Only one stretch of the data below is needed. Output the lines from the one with "Invitrogen Asprosin Recombinant" up to and including the one with "GAP43 Antibody - DF7766", exactly as they stand.

─── Records ───

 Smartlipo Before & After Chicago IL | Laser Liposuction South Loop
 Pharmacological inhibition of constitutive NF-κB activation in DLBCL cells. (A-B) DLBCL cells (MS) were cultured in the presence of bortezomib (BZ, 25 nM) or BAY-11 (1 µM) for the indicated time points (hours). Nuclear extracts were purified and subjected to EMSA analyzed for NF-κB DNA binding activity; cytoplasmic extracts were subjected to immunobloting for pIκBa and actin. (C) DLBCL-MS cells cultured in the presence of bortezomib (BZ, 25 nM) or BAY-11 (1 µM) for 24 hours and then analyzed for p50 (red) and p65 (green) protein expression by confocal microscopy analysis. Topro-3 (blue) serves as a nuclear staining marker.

───
─── Records ───

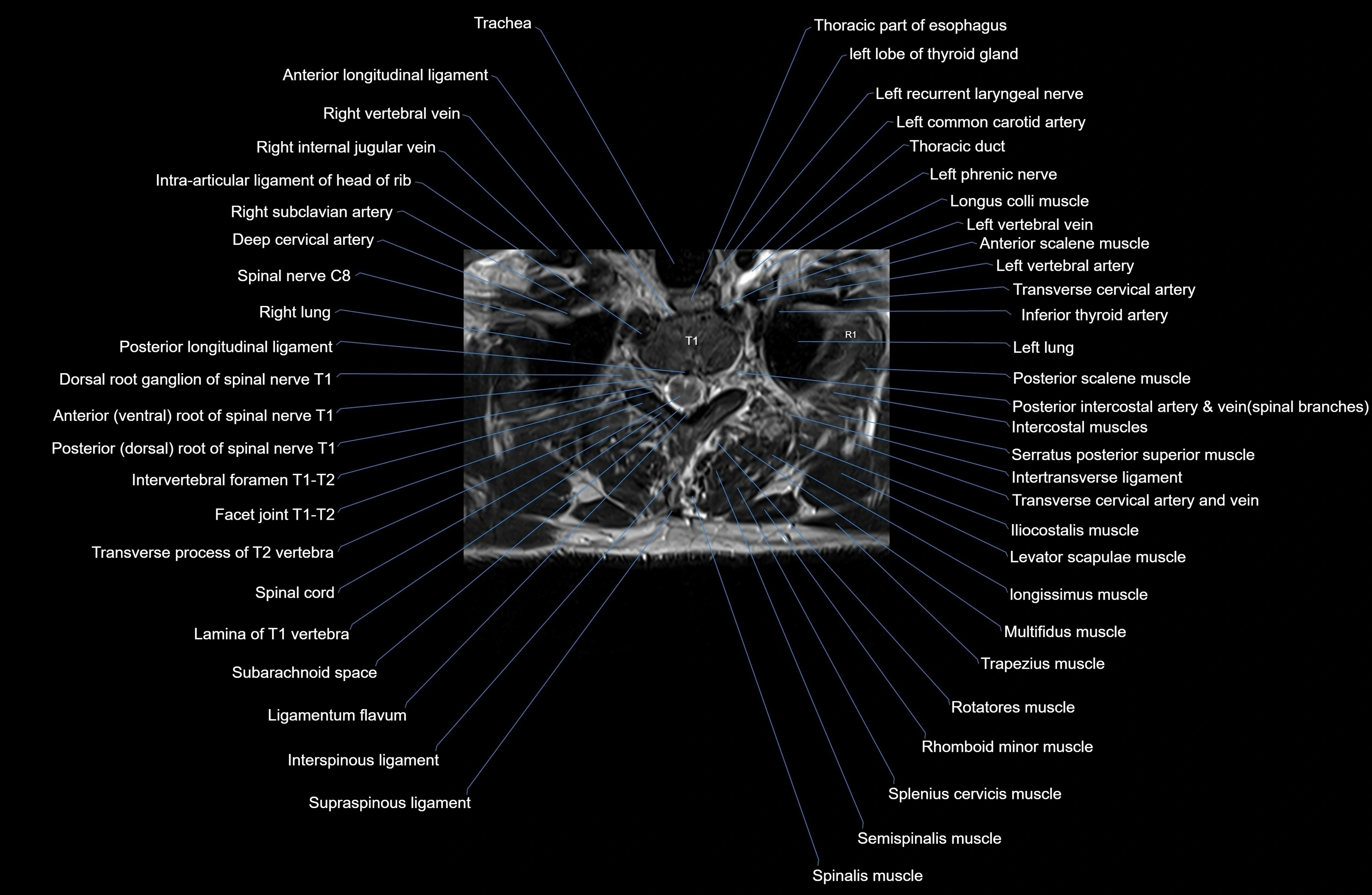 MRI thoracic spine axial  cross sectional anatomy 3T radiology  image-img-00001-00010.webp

───
─── Records ───

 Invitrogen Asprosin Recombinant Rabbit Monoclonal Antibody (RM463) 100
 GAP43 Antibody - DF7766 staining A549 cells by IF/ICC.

───

Output of the exercise.
 Invitrogen Asprosin Recombinant Rabbit Monoclonal Antibody (RM463) 100
 GAP43 Antibody - DF7766 staining A549 cells by IF/ICC.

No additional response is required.